The Ontario Court of Appeal reversed that decision, holding that the Ontario courts need not erect additional obstacles  to the villagers' 27 year fight against Chevron and its predecessor Texaco Oil.  The action had been brought in Ecuador as a result of extensive environmental pollution that had disrupted the lives and jeopardized the futures of approximately 30,000 Ecuadorian indigenous villagers.  The plaintiffs' attempts to obtain compensation had been met with obstacles and roadblocks by Chevron the entire way.

 

The Supreme Court of Canada agreed. Justice Gascon, writing for the unanimous court, held that in order to recognize and enforce a foreign judgment, the only prerequisite is that the foreign court have a real and substantial connection with the litigants or with the subject matter of the dispute or that the traditional bases of jurisdiction were satisfied.

 

Canadian courts have never required that there be a real and substantial connection between the defendant or the action and the enforcing court for jurisdiction to exist in recognition and enforcement proceedings. The Supreme Court held that an unambiguous statement  that a real and substantial connection was not necessary would have the benefit of providing a fixed, clear and predictable rule, and would help to avoid needless and wasteful jurisdictional inquiries.

 

The Court held that there were two considerations of principle that support the view that a real and substantial connection test should not be extended to an enforcing court. Firstly, in an action for recognition and enforcement, the only purpose of the action is to allow a pre-existing obligation to be fulfilled. As the enforcing court is not creating a new substantive obligation, there can be no concern that the parties are situated elsewhere or that the facts underlying the dispute are properly addressed in another court. Each jurisdiction has an equal interest in the obligation resulting from the foreign judgement and no concern about territorial overreach could emerge.

 

The Court held that it must be remembered that the notion of comity has consistently been found to underlie Canadian recognition and enforcement law. The need to acknowledge and show respect for the legal action of other states has remained one of comity’s core components and militates in favour of recognition and enforcement. No unfairness results to judgment debtors from having to defend against recognition and enforcement proceedings – through their own behaviour and illegal non-compliance, they have made themselves a subject of outstanding obligations, so they may be called upon to answer for their debts in various jurisdictions.

 

The court held that requiring any defendant to be present or to have assets in the enforcing jurisdiction would only undermine order and fairness.
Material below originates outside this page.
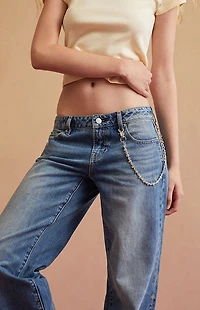 RARE DNM EDIT Medium Blue Low Rise Girlfriend Jeans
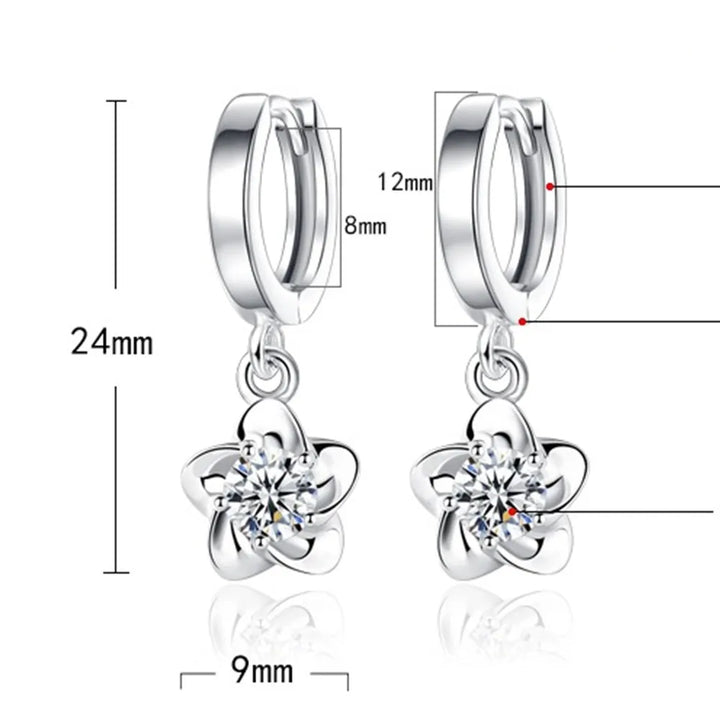 Boucles d'Oreilles en Argent avec Zirconia Violet et Blanc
In today’s globalized world and electronic age, to require that a judgment creditor wait until the foreign debtor is present or has assets in the province before a court can find that it has jurisdiction in recognition and enforcement proceedings would be to turn a blind eye to current economic reality.

 

Secondly, the court held that finding that there is no requirement of a real and substantial connection between the defendant or the action and the enforcing court is also supported by the choices made by the Ontario legislature, all other common-law provinces and territories, Quebec, other international common-law jurisdictions and most Canadian conflict of laws scholars.

 

In this case, the motion judge had correctly found jurisdiction with respect to both Chevron and Chevron Canada. The establishment of jurisdiction did not mean that the plaintiffs would necessarily succeed in having the Ecuadorian judgment recognized and enforced. It did nothing more than afford the Plaintiffs the opportunity to seek recognition and enforcement in Ontario. Chevron and Chevron Canada could use the available procedural tools to defend against the plaintiffs’ allegations.

The case will continue and will continue to be hard fought.